» Requirement: The lines below starting at the line containing "chaton Ragdoll seal" and ending at the line containing "Осенние сорта яблонь - Агро Сад" are to be repeated exactly, with both ends kept and nothing else added.

» Exercise input:
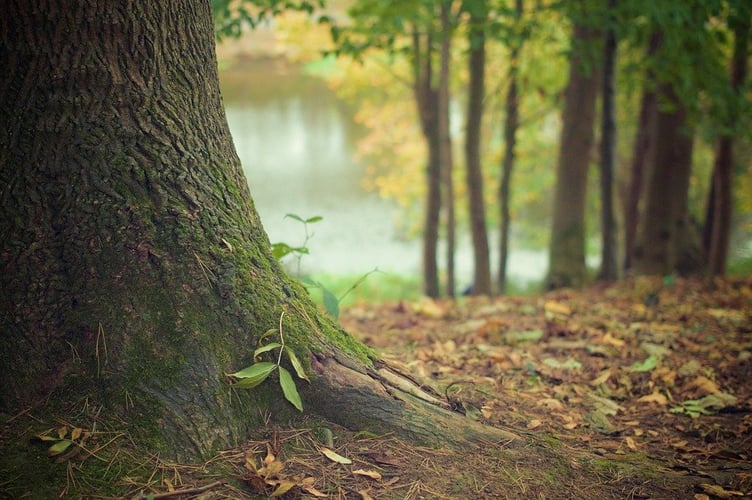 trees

==

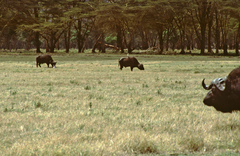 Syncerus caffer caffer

* * *

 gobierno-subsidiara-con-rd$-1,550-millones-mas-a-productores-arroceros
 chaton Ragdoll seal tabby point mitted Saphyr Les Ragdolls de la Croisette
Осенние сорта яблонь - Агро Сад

» Answer space:
 chaton Ragdoll seal tabby point mitted Saphyr Les Ragdolls de la Croisette
Осенние сорта яблонь - Агро Сад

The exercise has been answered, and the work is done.